> _Work to be completed_:
Print exactly the lines from the one that contains "Happy African male" through the final line of the entries below, both included, and nothing else; omit the pictures.

Data excerpts
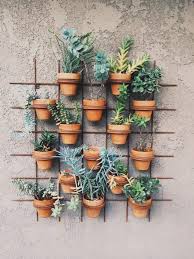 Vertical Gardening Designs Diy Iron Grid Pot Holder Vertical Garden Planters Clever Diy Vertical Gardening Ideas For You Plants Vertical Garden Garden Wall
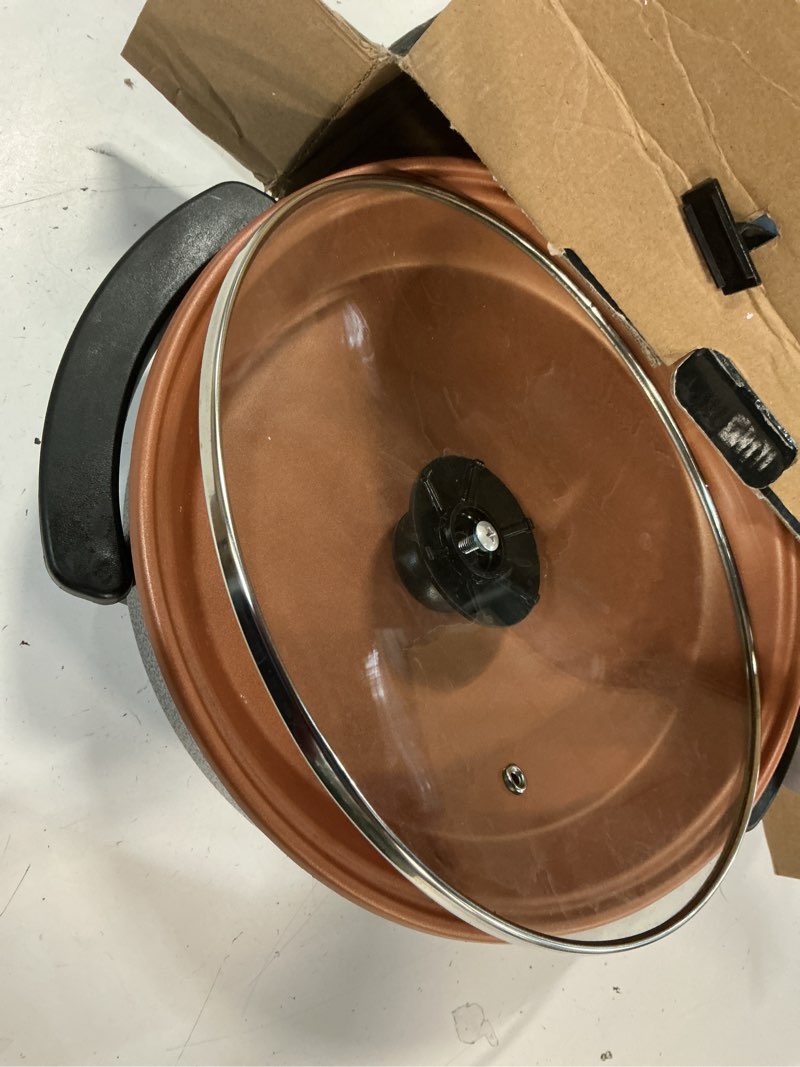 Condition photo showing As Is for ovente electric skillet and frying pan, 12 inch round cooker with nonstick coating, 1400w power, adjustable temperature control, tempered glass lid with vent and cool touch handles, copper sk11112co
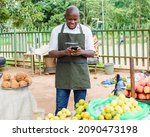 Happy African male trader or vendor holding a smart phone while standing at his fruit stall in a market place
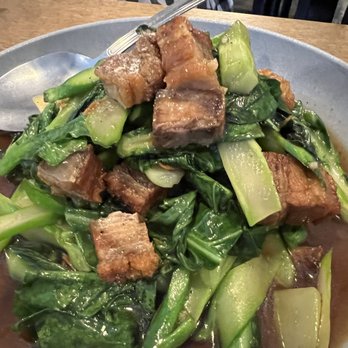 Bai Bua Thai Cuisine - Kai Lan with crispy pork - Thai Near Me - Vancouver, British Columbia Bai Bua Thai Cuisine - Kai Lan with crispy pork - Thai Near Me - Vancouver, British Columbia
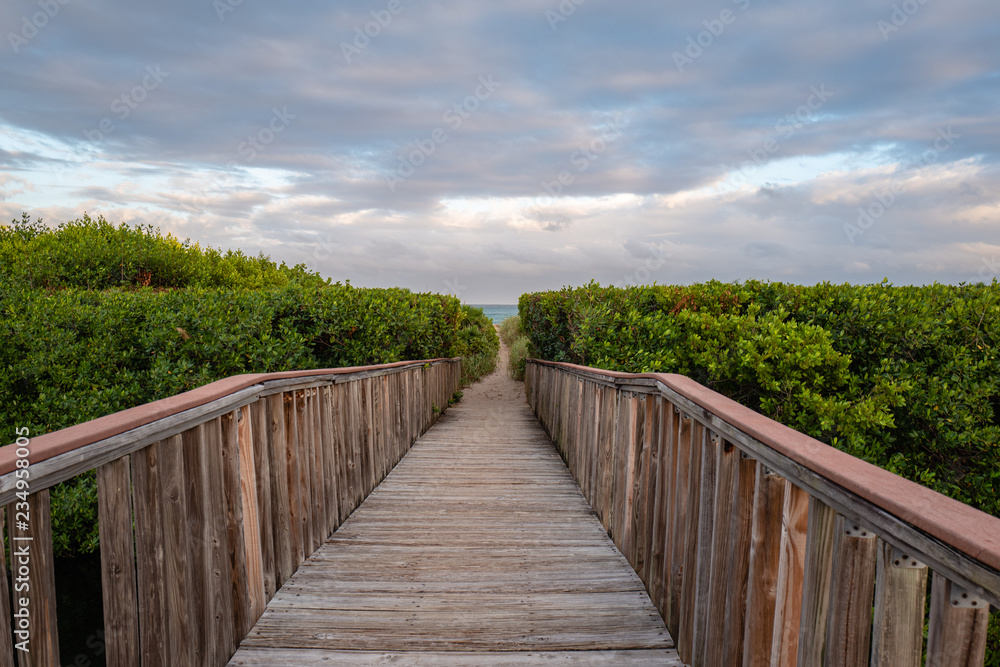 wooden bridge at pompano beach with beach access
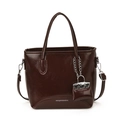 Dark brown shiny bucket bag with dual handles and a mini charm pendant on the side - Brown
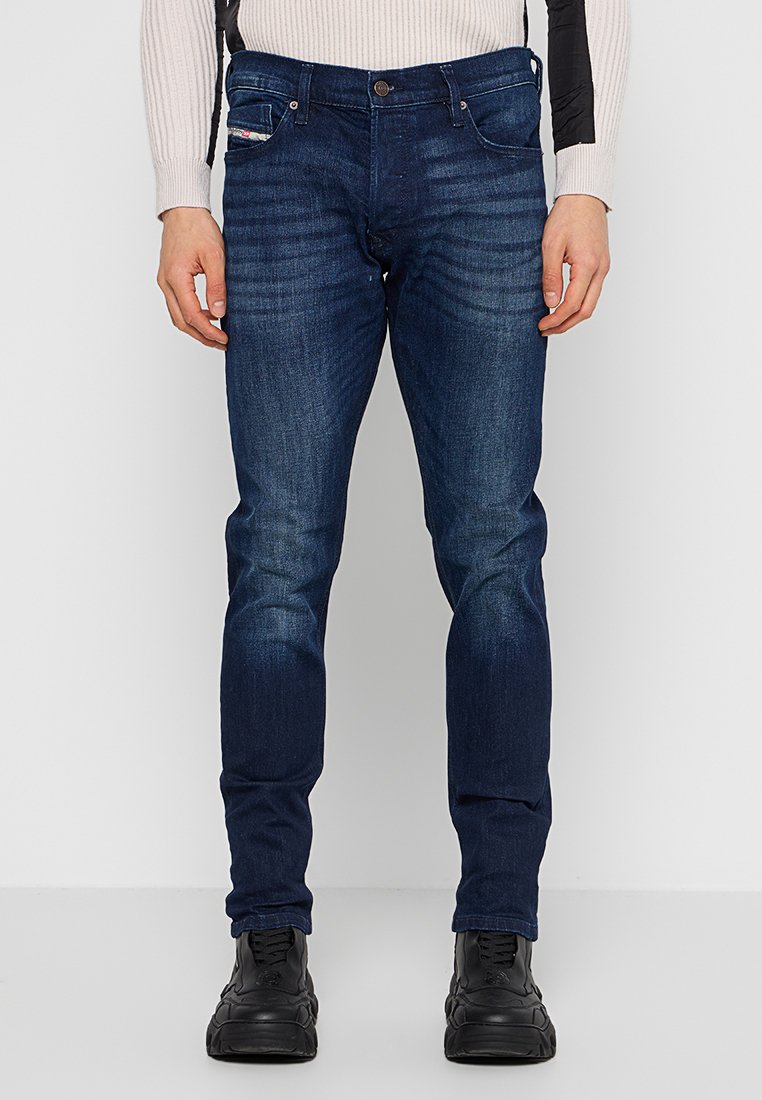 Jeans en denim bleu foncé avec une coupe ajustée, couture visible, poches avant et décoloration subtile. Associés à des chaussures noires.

> _Exercise response_:
 Happy African male trader or vendor holding a smart phone while standing at his fruit stall in a market place
 Bai Bua Thai Cuisine - Kai Lan with crispy pork - Thai Near Me - Vancouver, British Columbia Bai Bua Thai Cuisine - Kai Lan with crispy pork - Thai Near Me - Vancouver, British Columbia
 wooden bridge at pompano beach with beach access
 Dark brown shiny bucket bag with dual handles and a mini charm pendant on the side - Brown
 Jeans en denim bleu foncé avec une coupe ajustée, couture visible, poches avant et décoloration subtile. Associés à des chaussures noires.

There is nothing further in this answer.